**The problem**: Repeat exactly the line with "堕胎药打胎药配几顿比较好呢.打胎药配合什么药都吃效果更好？" and each line after it to the end of the data below; pictures stay out.

**Records shown**:
·····

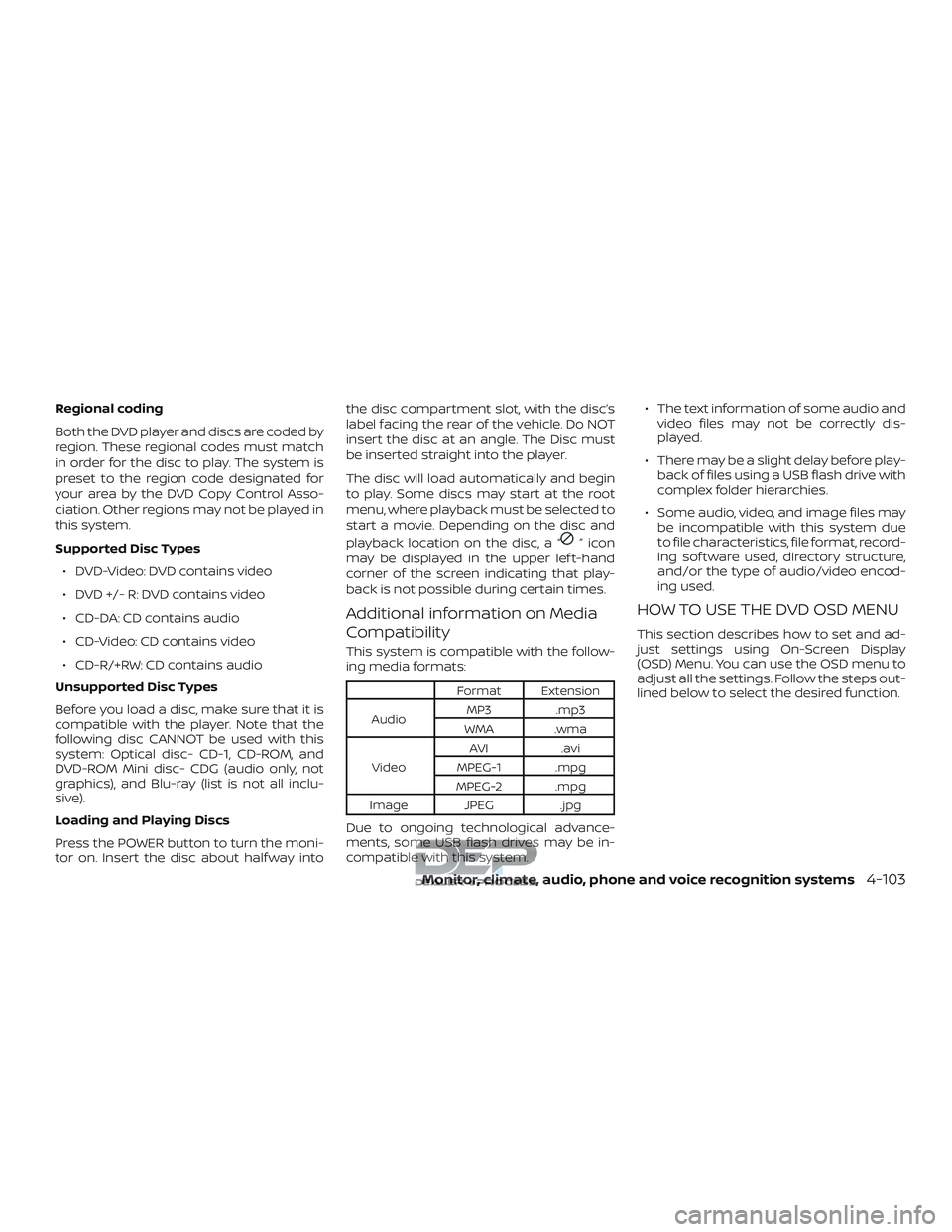 NISSAN TITAN 2018 Owner´s Manual Regional coding
Both the DVD player and discs are coded by
region. These regional codes must match
in order for the disc to play. The system is
preset to the region code designated for
your area by th NISSAN TITAN 2018 Owner´s Manual Regional coding
Both the DVD player and discs are coded by
region. These regional codes must match
in order for the disc to play. The system is
preset to the region code designated for
your area by th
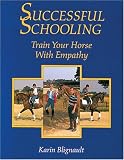 Successful Schooling: Train Your Horse with Empathy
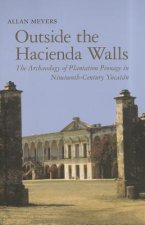 Outside the Hacienda Walls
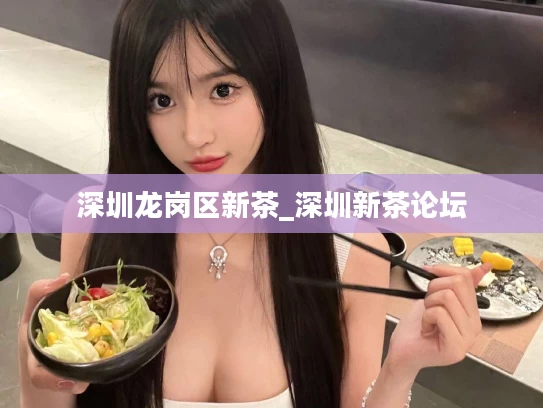 深圳龙岗区新茶_深圳新茶论坛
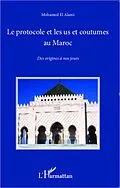 E-Book (epub) Le protocole et les us et coutumes au Maroc : Des origines a nos jours von Mohamed El Alami Mohamed El Alami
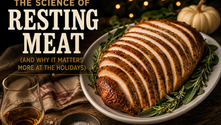 The Science of Resting Meat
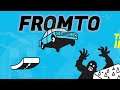 FROMTO (gameplay) #FromtoTheGame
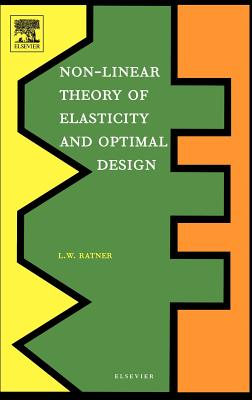 Non-Linear Theory of Elasticity and Optimal Design - Ratner, L W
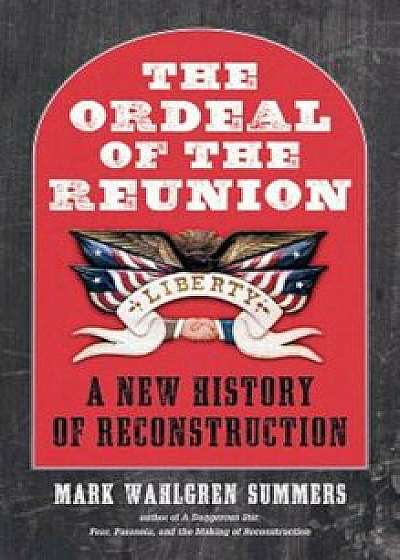The Ordeal of the Reunion: A New History of Reconstruction, Hardcover/Mark Wahlgren Summers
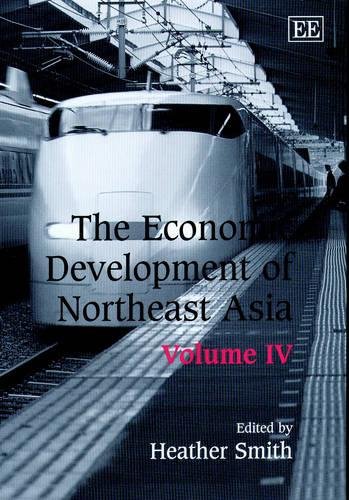 The Economic Development of Northeast Asia Smith Hardback Edward Elgar
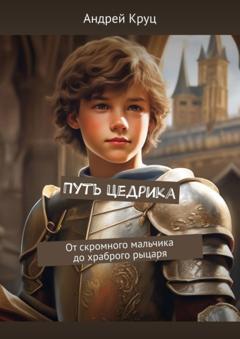 Андрей Круц Путь Цедрика. От скромного мальчика до храброго рыцаря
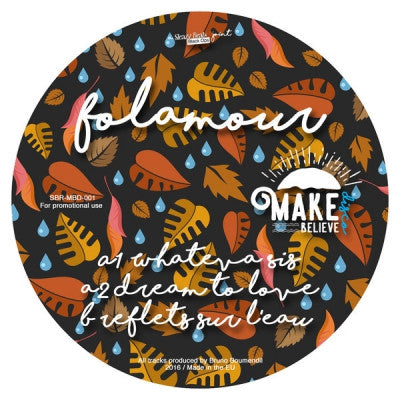 FOLAMOUR - Make Believe Disco (Number One)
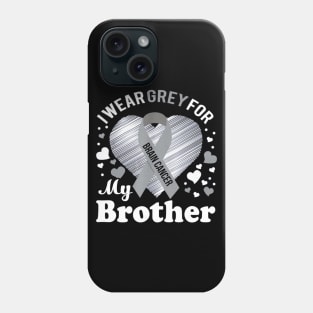 I Wear Grey For My Brother Brain Cancer Awareness Phone Case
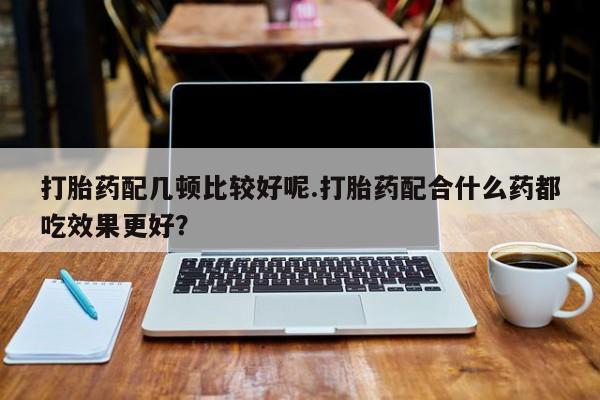 堕胎药打胎药配几顿比较好呢.打胎药配合什么药都吃效果更好？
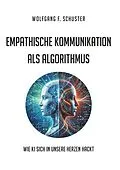 E-Book (epub) Empathische Kommunikation als Algorithmus von Wolfgang F. Schuster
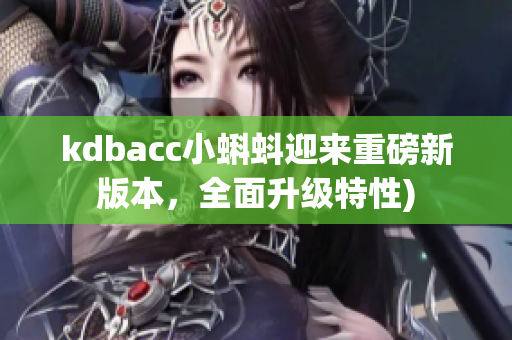 kdbacc小蝌蚪迎来重磅新版本，全面升级特性)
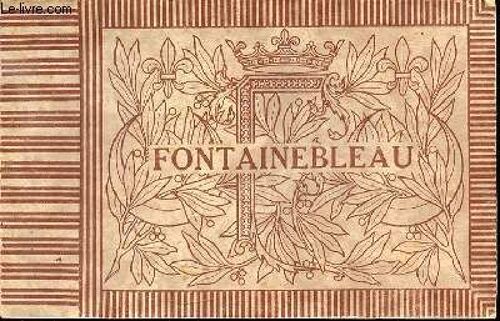 Le Palais De Fontainebleau. - Fontainebleau Palace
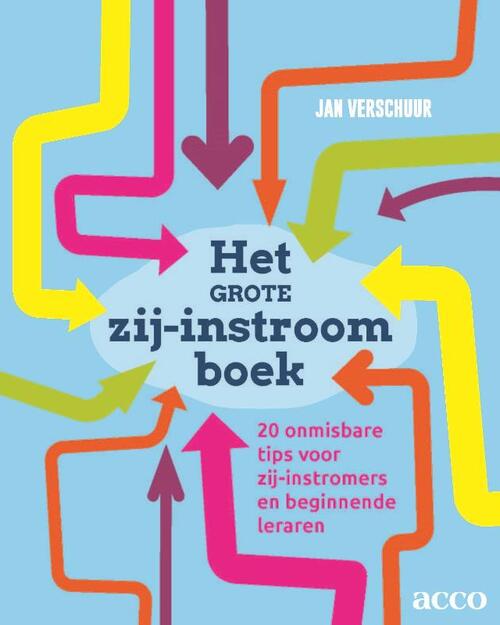 Het grote zij-instroom boek -  Jan Verschuur (ISBN: 9789492398758)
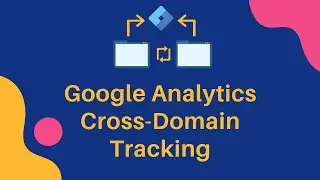 Google Analytics Cross-Domain Tracking - How to Set Up Cross-Domain Measurement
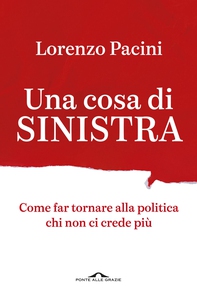Una cosa di sinistra - Librerie.coop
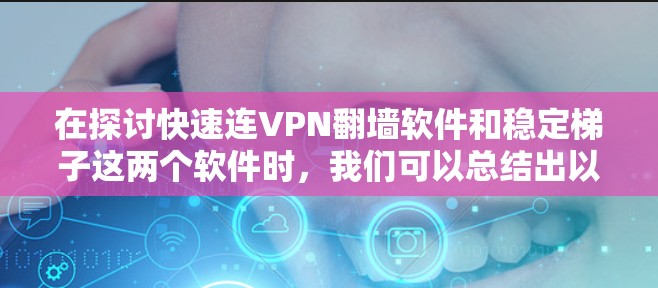 在探讨快速连VPN翻墙软件和稳定梯子这两个软件时，我们可以总结出以下几点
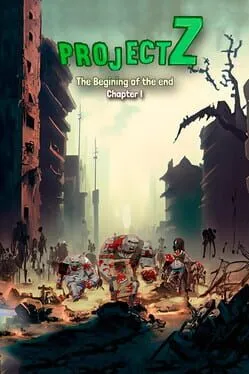  Project Z: The beginning of the end - Chapter I  cover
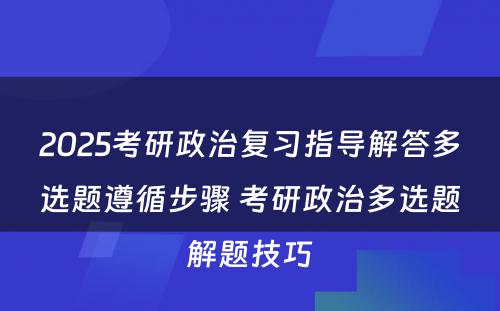 2025考研政治复习指导解答多选题遵循步骤 考研政治多选题解题技巧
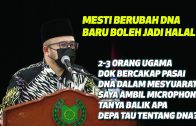 Dr MAZA – Mesti Berubah DNA Baru Boleh Jadi Halal?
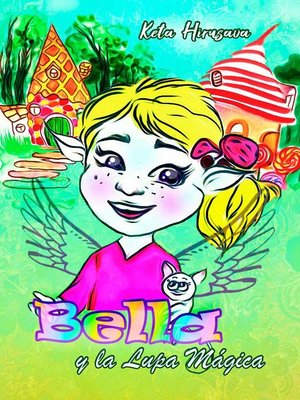 cover image of Bella y la Lupa Mágica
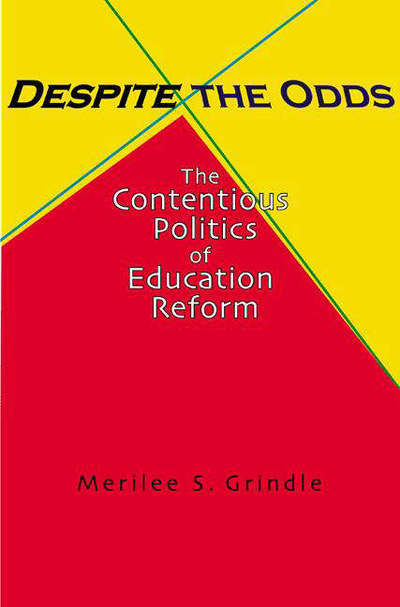 Cover for Merilee S. Grindle · Despite the Odds: The Contentious Politics of Education Reform (Paperback Book) (2004)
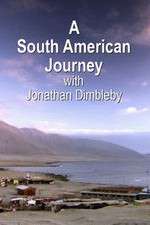 Watch A South American Journey with Jonathan Dimbleby Soap2day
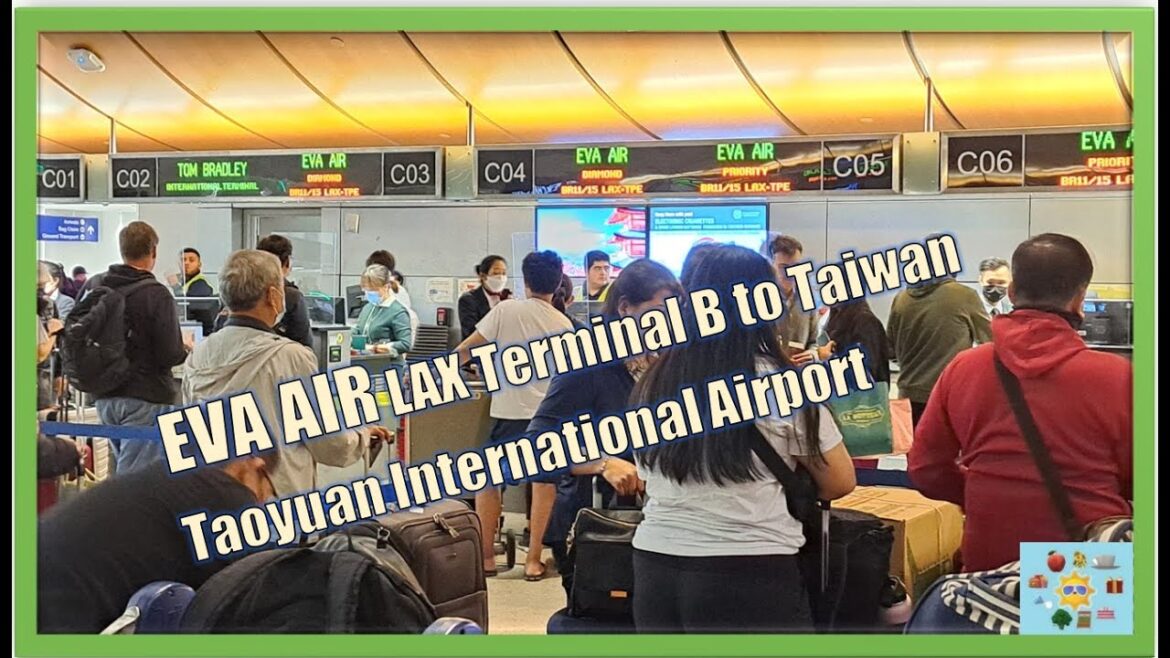 EVA AIR LAX Terminal B to Taiwan Taoyuan International Airport Arrivals Economy Class Boeing 777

·····

**Answer section**:
 堕胎药打胎药配几顿比较好呢.打胎药配合什么药都吃效果更好？
 E-Book (epub) Empathische Kommunikation als Algorithmus von Wolfgang F. Schuster
 kdbacc小蝌蚪迎来重磅新版本，全面升级特性)
 Le Palais De Fontainebleau. - Fontainebleau Palace
 Het grote zij-instroom boek -  Jan Verschuur (ISBN: 9789492398758)
 Google Analytics Cross-Domain Tracking - How to Set Up Cross-Domain Measurement
Una cosa di sinistra - Librerie.coop
 在探讨快速连VPN翻墙软件和稳定梯子这两个软件时，我们可以总结出以下几点
  Project Z: The beginning of the end - Chapter I  cover
 2025考研政治复习指导解答多选题遵循步骤 考研政治多选题解题技巧
 Dr MAZA – Mesti Berubah DNA Baru Boleh Jadi Halal?
 cover image of Bella y la Lupa Mágica
 Cover for Merilee S. Grindle · Despite the Odds: The Contentious Politics of Education Reform (Paperback Book) (2004)
 Watch A South American Journey with Jonathan Dimbleby Soap2day
 EVA AIR LAX Terminal B to Taiwan Taoyuan International Airport Arrivals Economy Class Boeing 777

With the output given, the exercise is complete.